● Raw data

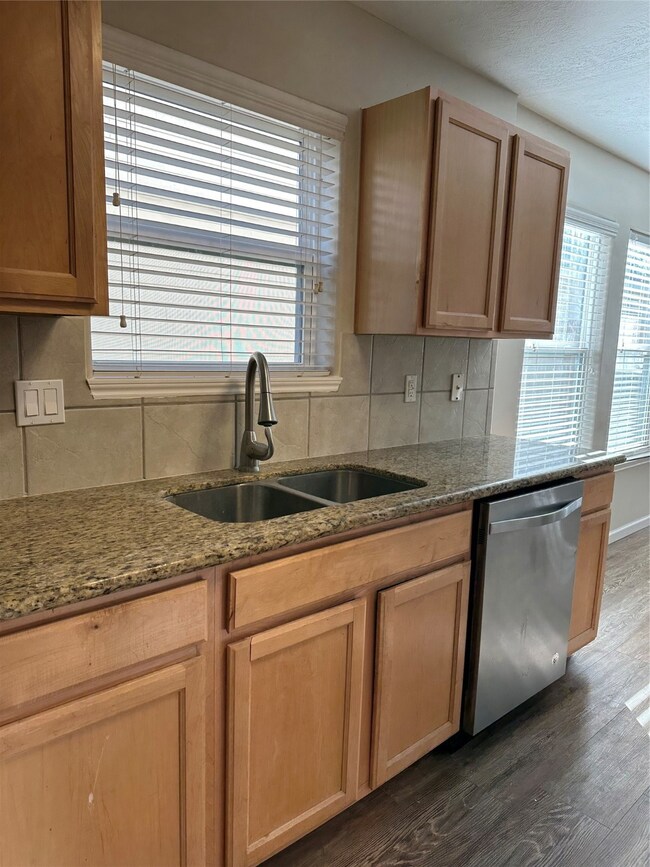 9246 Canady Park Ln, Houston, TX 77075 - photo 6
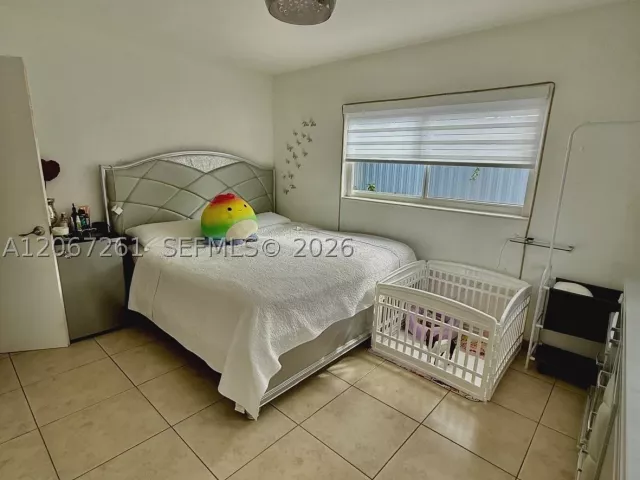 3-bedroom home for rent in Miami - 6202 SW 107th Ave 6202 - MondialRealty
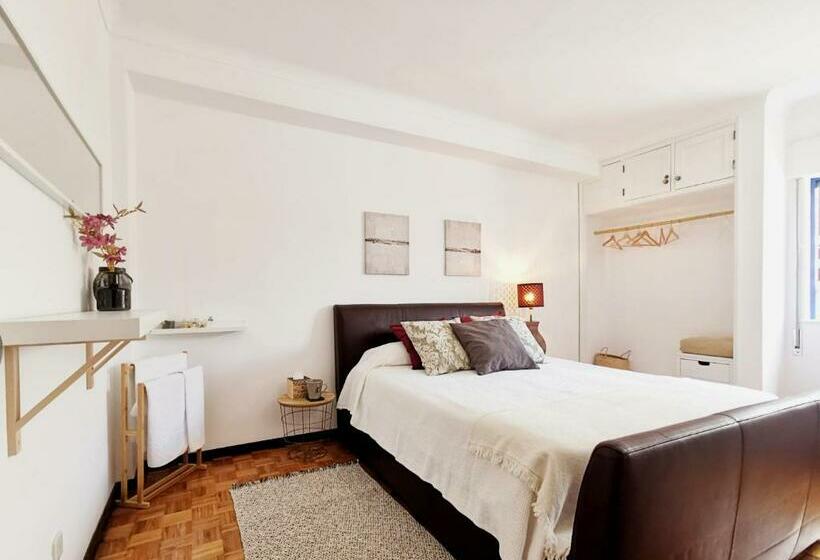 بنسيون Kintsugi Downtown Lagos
--
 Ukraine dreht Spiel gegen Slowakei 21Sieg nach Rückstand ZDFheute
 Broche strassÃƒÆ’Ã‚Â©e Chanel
==
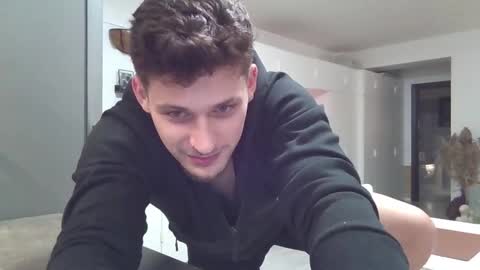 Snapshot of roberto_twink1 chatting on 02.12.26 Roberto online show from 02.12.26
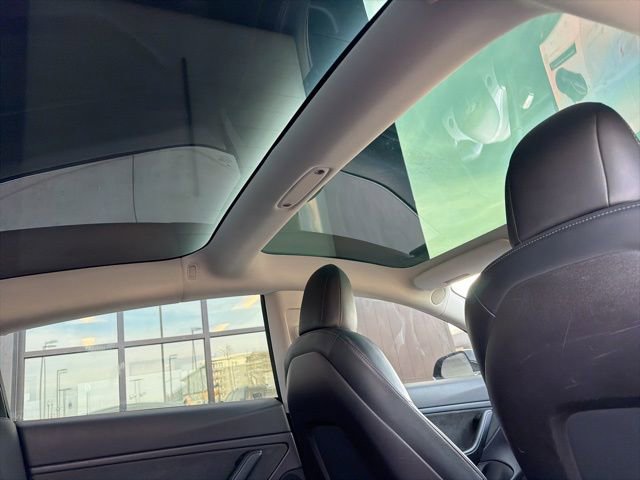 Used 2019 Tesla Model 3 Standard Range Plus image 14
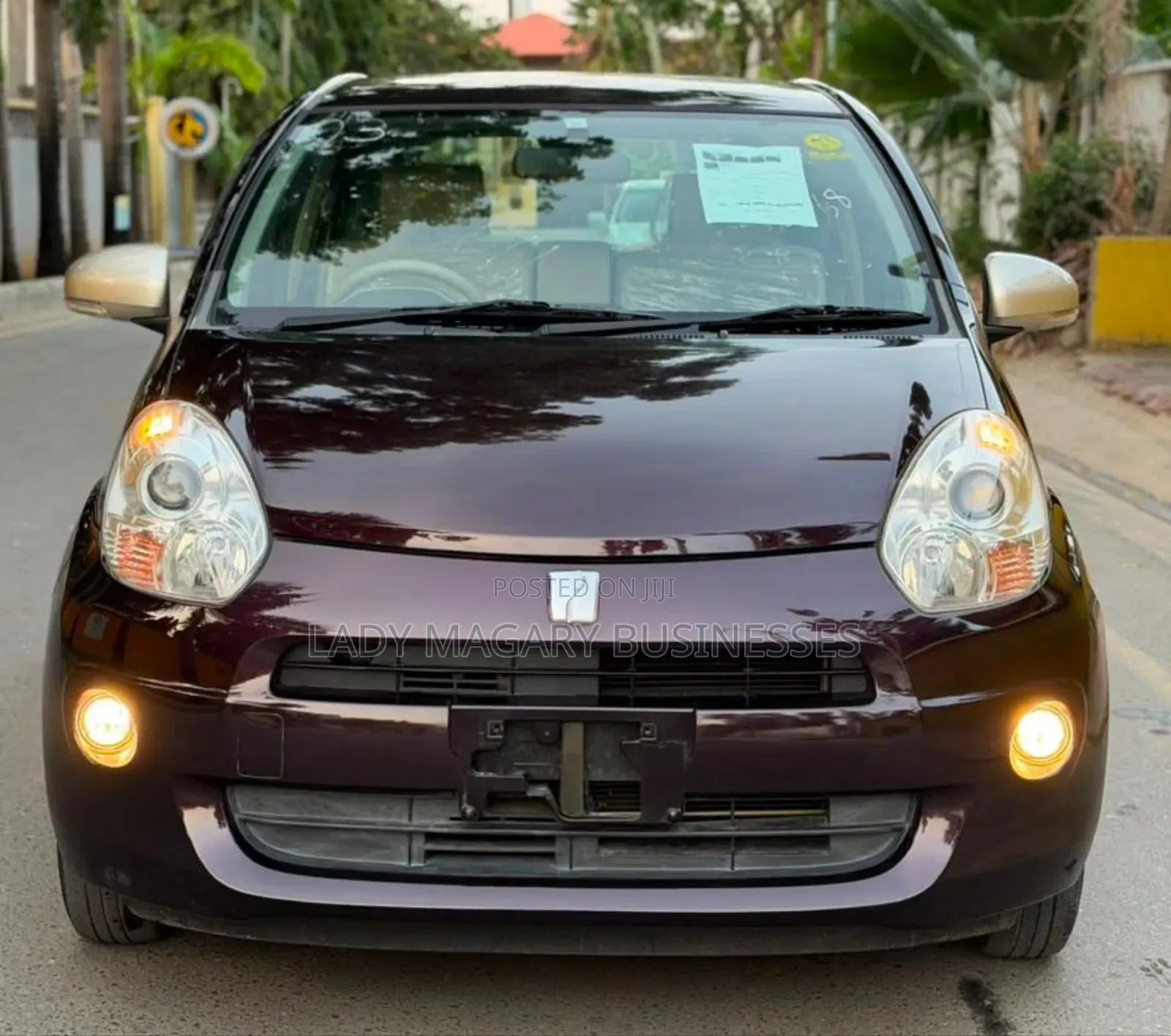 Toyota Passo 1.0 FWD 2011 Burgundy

● Your task
All lines above from the one containing "9246 Canady Park" up to and including the one containing "بنسيون Kintsugi Downtown Lagos" are to be set down exactly, and nothing else. Leave images out.

● Solution for this task
 9246 Canady Park Ln, Houston, TX 77075 - photo 6
 3-bedroom home for rent in Miami - 6202 SW 107th Ave 6202 - MondialRealty
 بنسيون Kintsugi Downtown Lagos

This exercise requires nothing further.